- **Exercise prompt**
Could you repeat the records below exactly, without the pictures?

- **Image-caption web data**
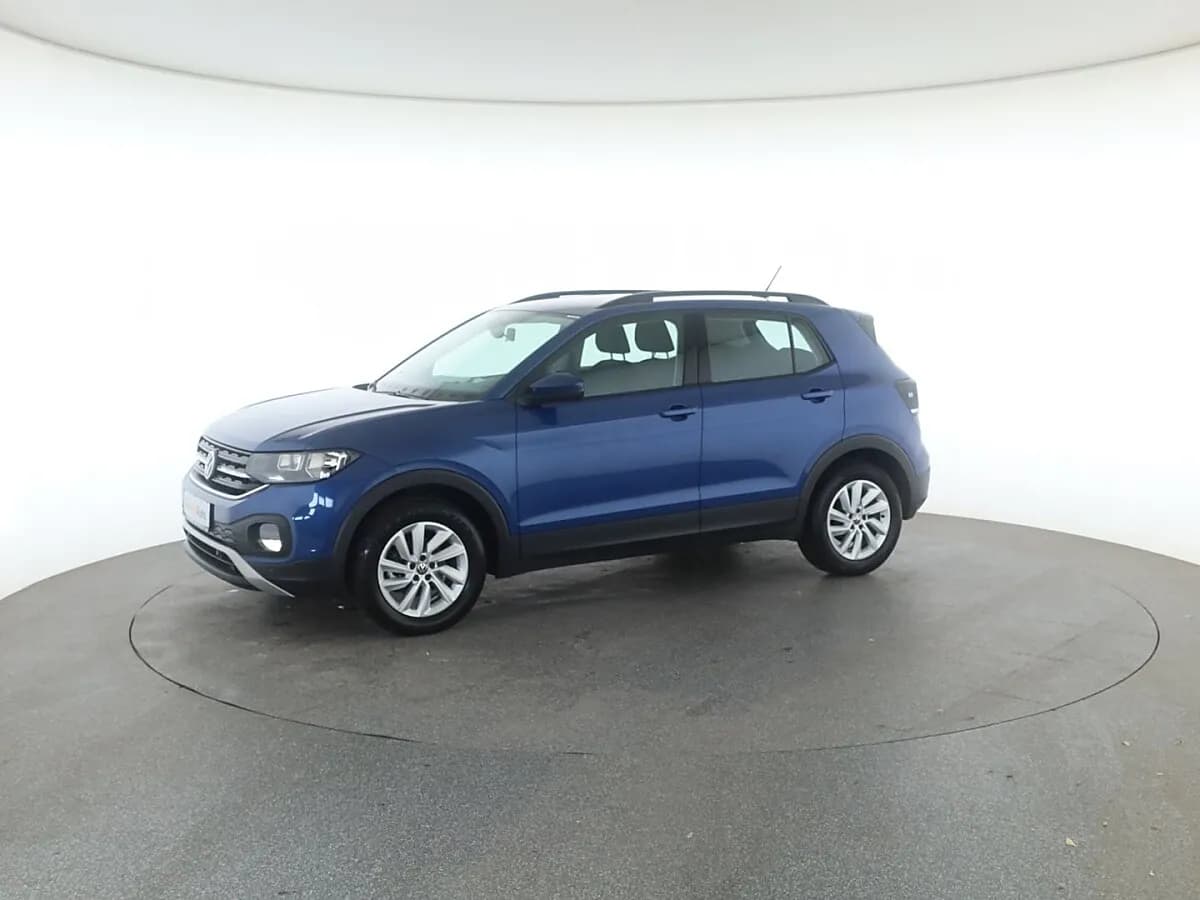 VW T-Cross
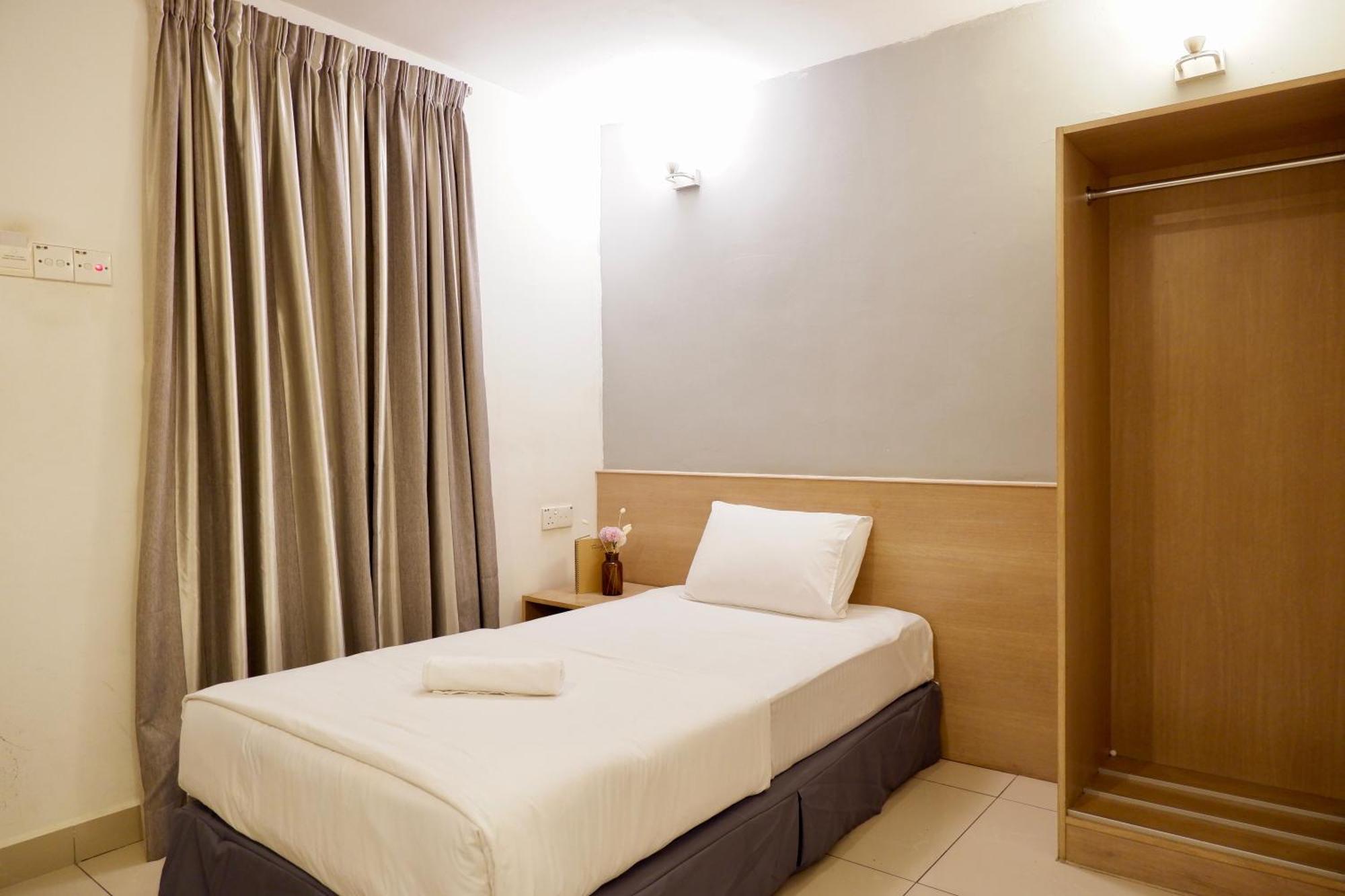 Iris Garden Hotel Kuala Lumpur Kültér fotó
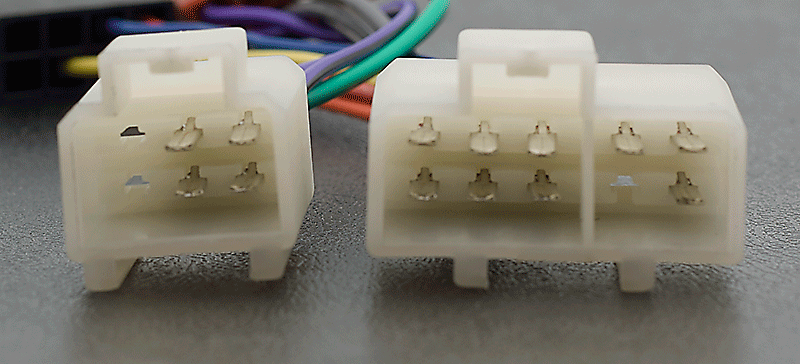 CARAV 12-019 ISO переходник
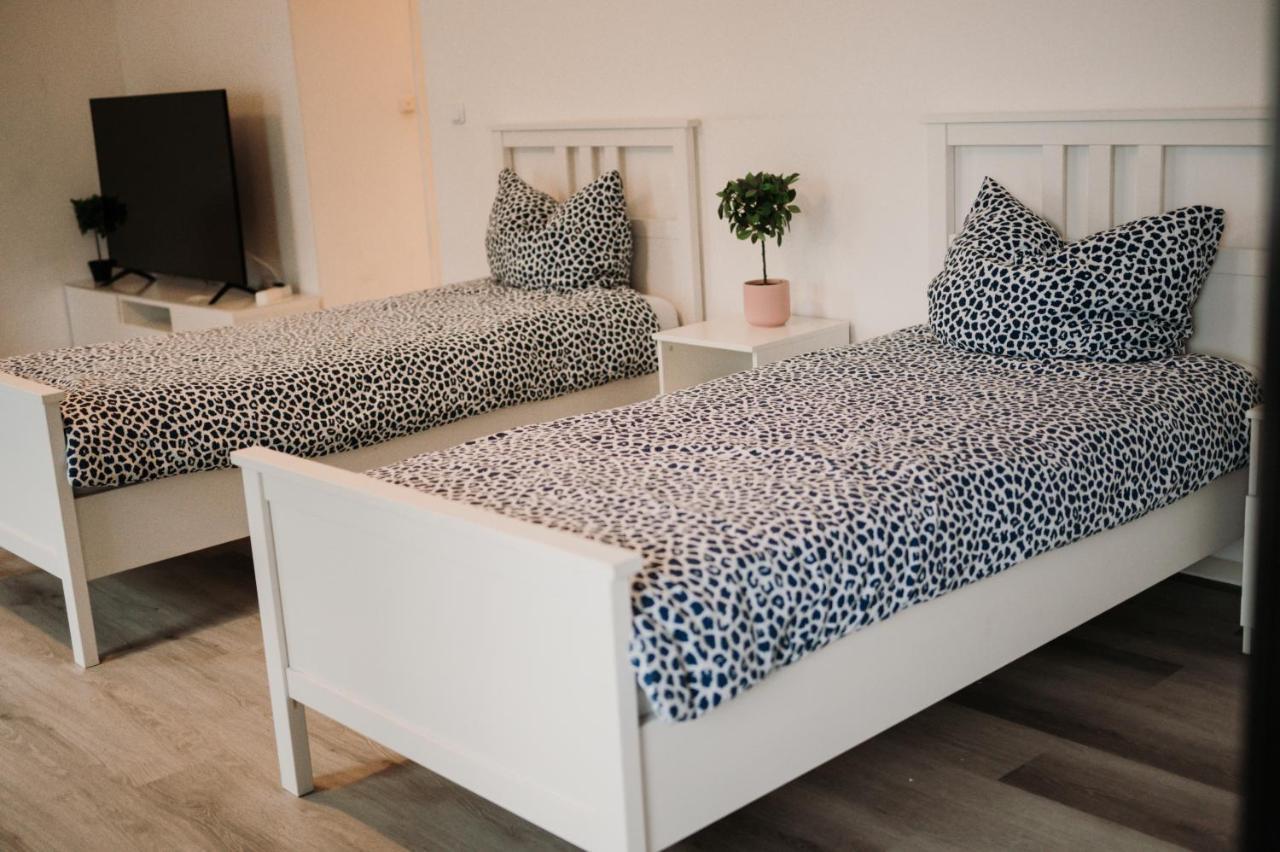 Apartament Loft Riva II Hamm  Zewnętrze zdjęcie
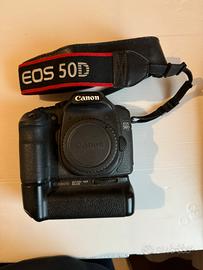 Canon Eos 50D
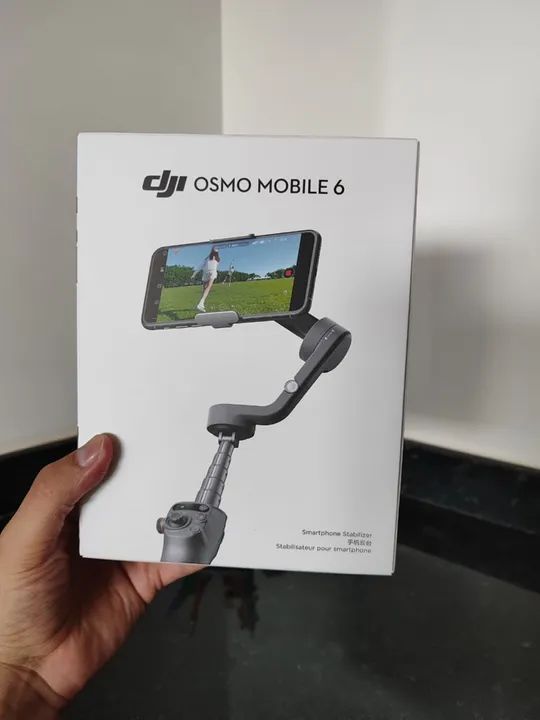 Estabilizador DJI OSMO 6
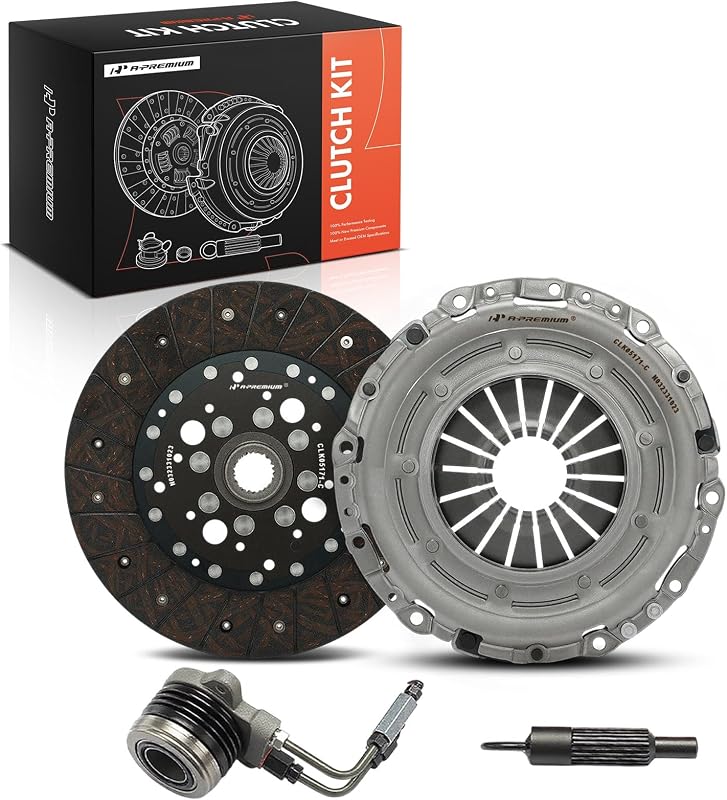 Kit de embreagem A-Premium para transmissão Hyundai e Kia – Conjunto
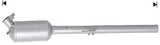 AS Catalysts Diesel Particulate Filter Mercedes W639 Vito Viano 2.1L 2.2L Van 2010–2014 - FD1058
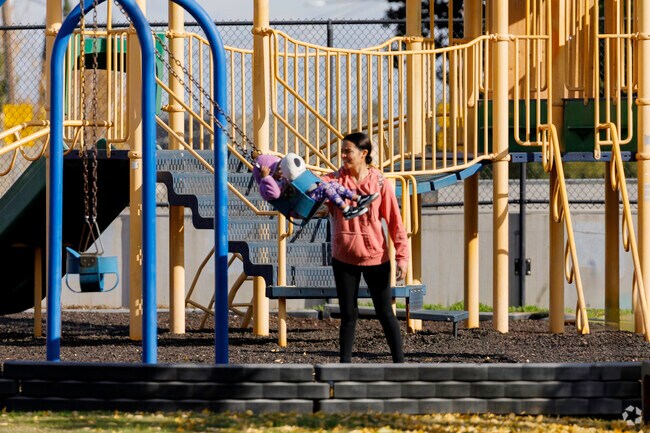 Spend time at Bear Park in Waterford.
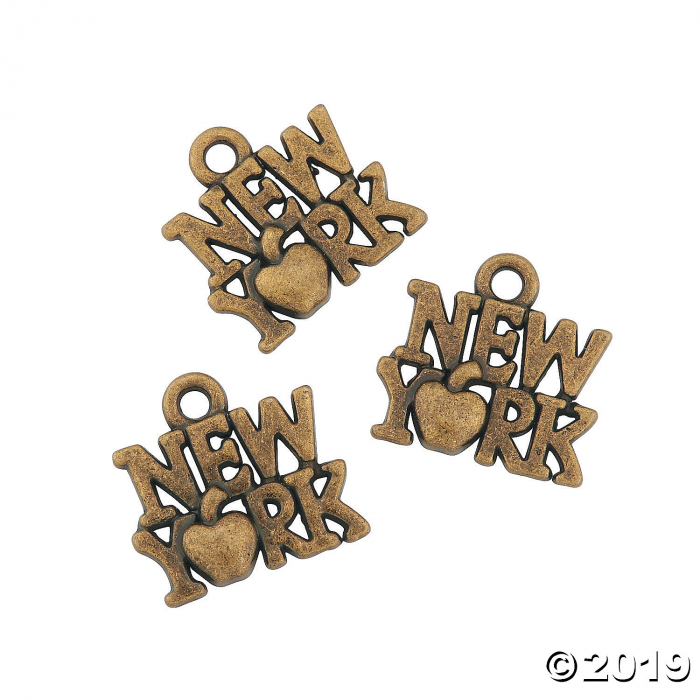 New York Charm (Per Dozen)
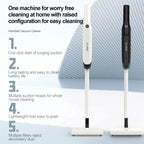 Handheld Vacuum Cleaner 20000Pa Strong Suction Lightweight Deep Cleaning for Home Pet Hair Car Floor Low Noise Sweeping Tool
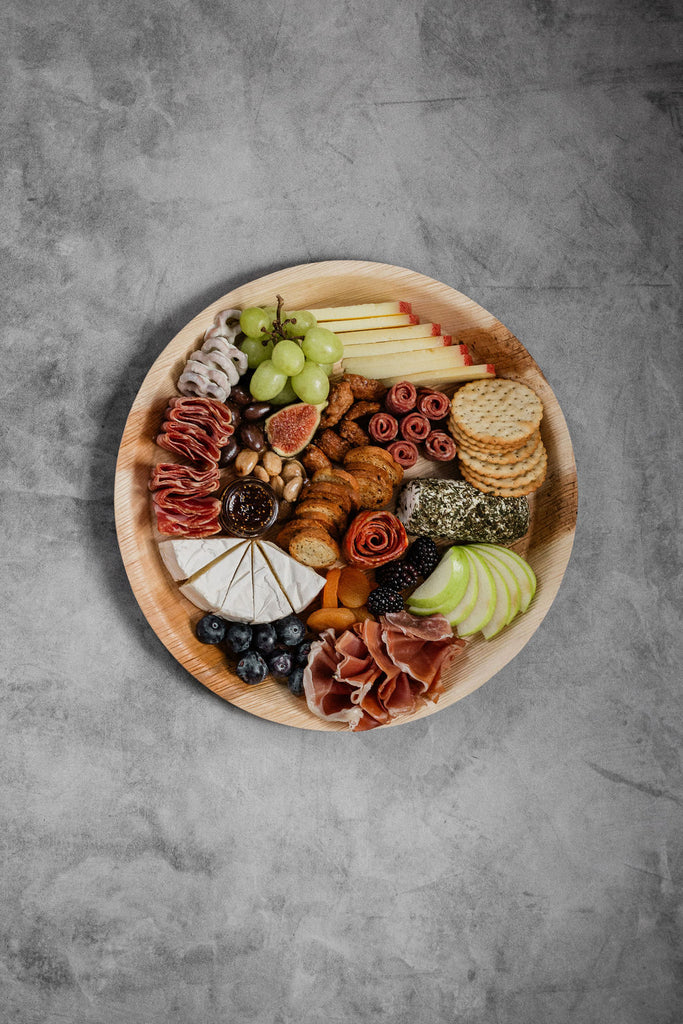 Artisanal Personalized Charcuterie Boards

- **Reply**
 VW T-Cross
 Iris Garden Hotel Kuala Lumpur Kültér fotó
 CARAV 12-019 ISO переходник
 Apartament Loft Riva II Hamm  Zewnętrze zdjęcie
 Canon Eos 50D
 Estabilizador DJI OSMO 6
 Kit de embreagem A-Premium para transmissão Hyundai e Kia – Conjunto
 AS Catalysts Diesel Particulate Filter Mercedes W639 Vito Viano 2.1L 2.2L Van 2010–2014 - FD1058
 Spend time at Bear Park in Waterford.
 New York Charm (Per Dozen)
 Handheld Vacuum Cleaner 20000Pa Strong Suction Lightweight Deep Cleaning for Home Pet Hair Car Floor Low Noise Sweeping Tool
 Artisanal Personalized Charcuterie Boards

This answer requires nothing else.